Besonders wichtig ist die Erwähnung der verwendeten Nahttechnik (z. B. ein- oder zweireihige Naht, fortlaufend oder Einzelknopfnaht). Falls Verwachsungen gelöst werden mussten, sollten auch diese mit Zeitaufwand und Lokalisation dokumentiert werden.
Dokumentationsbeispiel: Präparation des doppelläufigen Ileostomas aus der Bauchdecke. Nach dem Lösen von Verwachsungen erfolgt das Auffrischen der Wundränder und der Verschluss der Darmvorderwand mittels zweireihiger resorbierbarer Einzelknopfnähte. Nach erfolgreicher Dichtigkeitsprüfung wird die Bauchdecke schichtweise verschlossen.

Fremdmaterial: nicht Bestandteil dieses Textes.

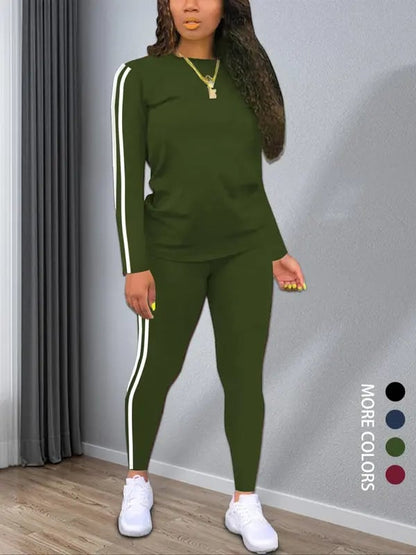 [🔥Buy 2 Free Shipping]Women's Striped Print Long Sleeve Top & Pants Two-piece Set, Casual Fashion Cozy Round Neck Top & Trousers for Daily Outdoor Wear, Ladies Clothes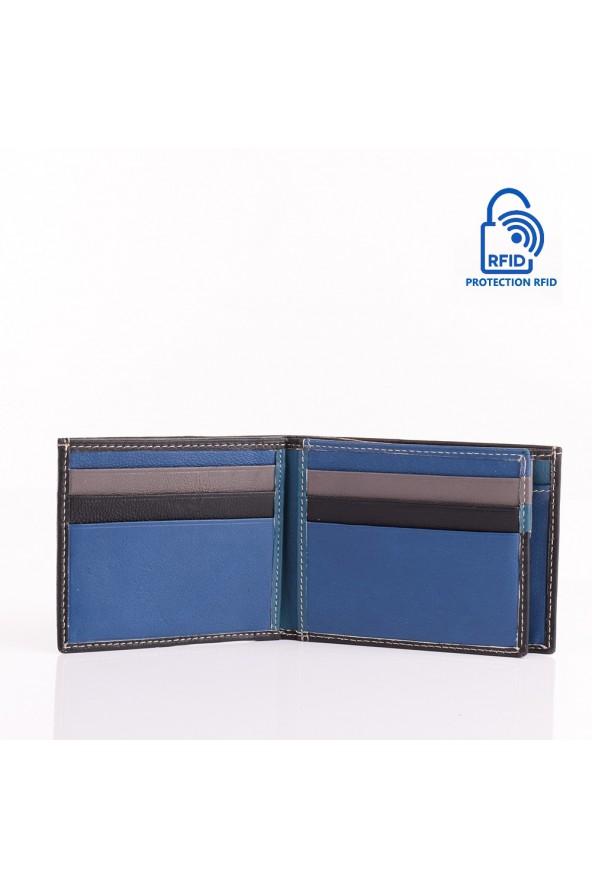 Portefeuille en cuir Lupel intérieur - Noir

GOÄ 3208: Steigerung und sinnvolle Ziffernkombinationen
Steigerungsfähigkeit
Der Regelhöchstsatz von 2,3 (167,58 €) kann bei Vorliegen besonderer Erschwernisse bis zum 3,5-fachen Satz (255,01 €) gesteigert werden. Typische Begründungen für eine Schwellenwertüberschreitung sind:
- Ausgeprägte intraabdominelle Verwachsungen (Adhäsionen), die eine zeitaufwendige Adhäsiolyse erforderten.
- Erhebliche Adipositas des Patienten, die den Zugang und die Präparation erschwert.
- Zustand nach multiplen Voroperationen im selben Operationsgebiet.
Typische Ziffernkombinationen
Neben der GOÄ 3208 können weitere Leistungen anfallen. Bei ambulanter Durchführung ist der Zuschlag nach Nr. 445 (Ambulante OP, 43,72 €) anzusetzen. Auch Anästhesieleistungen und postoperative Überwachungen sind gesondert berechnungsfähig.
Tipp: Denken Sie bei der Rückverlagerung eines eigenständigen Anus praeter an die zusätzliche Abrechnung der Laparotomie nach GOÄ 3168, sofern die Bauchhöhle eröffnet werden musste. Dies steigert den Gesamthonorarwert des Eingriffs erheblich und ist medizinisch voll begründbar.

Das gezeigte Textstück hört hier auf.